Carson, like Espinoza and Kennedy, minimizes the importance of state establishment concerns not only under the U.S. Constitution but under state constitutions as well.[169] This is part of a recent shift by the Court, discussed above, to read establishment concerns as being inadequate to trump free exercise concerns.[170] This process has been quick and nearly total. We have moved from being concerned about forms of government support for religion in educational contexts such as vouchers,[171] to allowing that support,[172] to now mandating it whenever the government opens a program for similarly situated private entities.[173] At the same time, the Court has been active in determining what the comparison categories are for discrimination under the Free Exercise Clause and is next likely to redefine the line between what is public and what is private in the education context.[174]

III. Intentional Obfuscation or Failure to Reflect on Preconceptions

In his classic and highly influential book The Nature of the Judicial Process, Justice Benjamin Cardozo, while still a Justice on the New York Court of Appeals, explained a phenomenon that seems to have overwhelmed the Kennedy and Carson majorities:

There is in each of us a stream of tendency, whether you choose to call it philosophy or not, which gives coherence and direction to thought and action. Judges cannot escape that current any more than other mortals. All their lives, forces which they do not recognize and cannot name, have been tugging at them—inherited instincts, traditional beliefs, acquired convictions; and the resultant is an outlook on life, a conception of social needs, a sense in James’s phrase of “the total push and pressure of the cosmos,” which, when reasons are nicely balanced, must determine where choice shall fall. In this mental background every problem finds its setting. We may try to see things as objectively as we please. None the less, we can never see them with any eyes except our own.[175]

This quote is both an explanation of judgmental human nature and a warning against judges imposing their preconceptions without acknowledgment of when the sides in a case are roughly even, or “nicely balanced,” to use Justice Cardozo’s terminology.[176] This is to say nothing of when the “balance” of facts and precedent goes against the judicial decision as it did in Kennedy.

The current Court seems more blind to its preconceptions in religion cases than any Court in history. It is possible and tempting to assume intentionality, especially given the unprincipled decisions in Kennedy and Carson.[177] Importantly, intentionality—that is, the Court intentionally distorting facts and law—might be better than a failure to consider one’s preconceptions because intention suggests the Justices have decided to proceed in a specific way regardless of facts and precedent and, thus, at some point might stop. If, however, as this Article asserts, the Justices in the Kennedy and Carson majorities failed to heed the warning of Justice Cardozo, and at least arguably some of the lessons from both sides in the formalist-realist debates of the Twentieth Century,[178] they are so blind to their preconceptions that they will be unable to stop misstating facts and law because they have drunk the metaphorical Kool-Aid of a specific view of these issues—both factually and legally—rather than considering each case on its own merits.

In light of recent arguments made about the Justices’ religious preconceptions, it is essential to clearly state that while religious affiliation can have an impact on judging, it is not always determinative.
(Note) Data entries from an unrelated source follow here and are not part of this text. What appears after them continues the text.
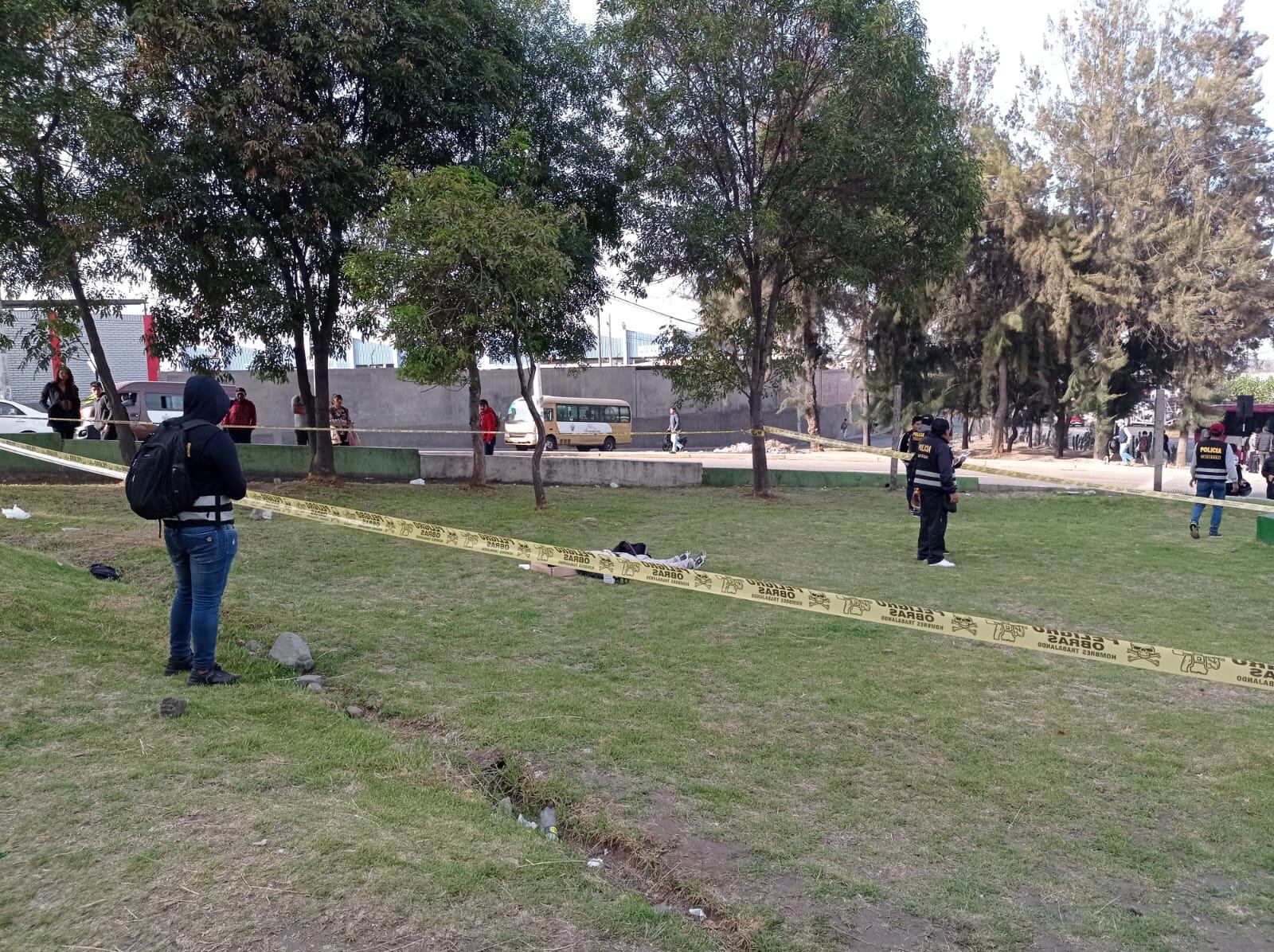 Efectivos de la PNP realizan diligencias en el parque del puente San Isidro. Foto: GEC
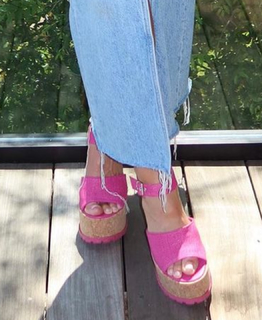 Heidi D'Amelio feet photo thumbnail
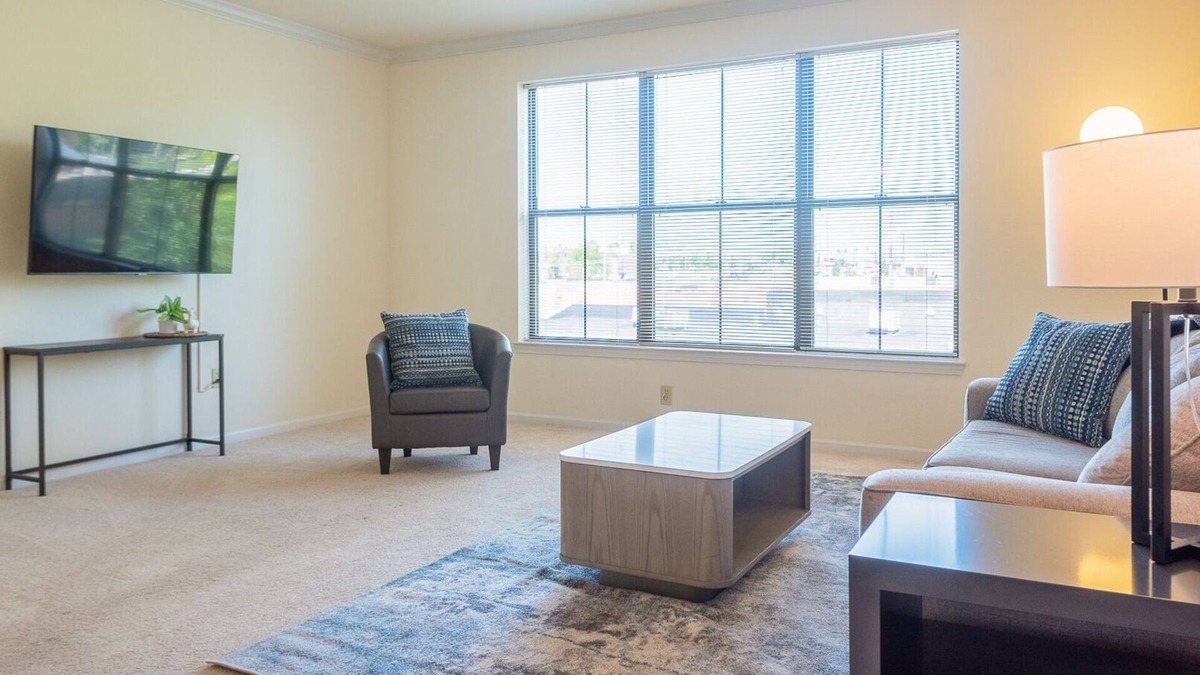 Creve Coeur Apartment | Modern Apartment in Prime Location (ID8230)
Michael Heise and Gregory Sisk have expertly demonstrated this. They have shown that political leanings are a more powerful determining factor in religion cases than religious affiliation alone.[179] Thus, arguments that because five of the six Justices in the majority are Catholic it somehow explains these decisions are discriminatory. Justice Sotomayor, Justice Brennan, and Justice Frank Murphy (who sat on the Everson Court) are also Catholic and it was not generally argued that their strongly separationist views on many law and religion issues were a result of their religious affiliation.[180]

The preconceptions that this Article suggest influence the current Justices are socially conservative views of the world and American legal and socioreligious history. Views that minimize the harms to religious minorities and nonbelievers caused by the Court’s recent decisions while viewing socially conservative Christians as the victims of discrimination.[181] Views that ignore the fact that the move toward separationism by the Court, as Justice O’Connor powerfully explained, has served to protect religion in a religiously pluralistic society.[182] Views that look upon a history that never existed as truth,[183] while ignoring the horrific traditions and history of religious persecutions—especially against Catholics, Native American Religions, Jews, and members of the LDS Church—throughout U.S. history,[184] except when it is convenient to acknowledge this discrimination.[185]
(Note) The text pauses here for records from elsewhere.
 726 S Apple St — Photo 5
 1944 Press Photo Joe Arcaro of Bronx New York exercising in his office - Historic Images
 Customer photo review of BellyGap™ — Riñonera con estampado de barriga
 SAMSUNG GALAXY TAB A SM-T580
Numerous philosophical schools explain how preconceptions can shape human, and thus judicial, understandings. As this Author has suggested previously, philosophical hermeneutics provides an especially powerful descriptive frame for understanding the impact of preconceptions on interpretation.[186] Despite the fact that some scholars have used this philosophy to support normative conclusions,[187] it is a strictly descriptive theory.

Interpretation is a necessary fact of life. We are always interpreting,[188] whether we know it or not. Every interaction we have, every program we watch, and every text we read is impacted by our preconceptions. There is nothing mysterious or complex about much of this, and we usually do not realize we are interpreting when we engage with situations, people, or texts with whom we share a language and similar traditions.

Simply put, hermeneutics are an inescapable part of everyday life. The more complex the interpretive task, such as applying a text written in a different time and culture to a situation arising today, the more our preconceptions may impact the meaning of the text or situation we are interpreting.[189] Of course, there are many approaches to interpretation, and these often overlap on salient points. As this Author has written elsewhere, however, philosophical hermeneutics seem especially useful in the context of legal interpretation because of the potential time lag and cultural shifts between the drafting of laws and their application to a variety of fact scenarios.[190]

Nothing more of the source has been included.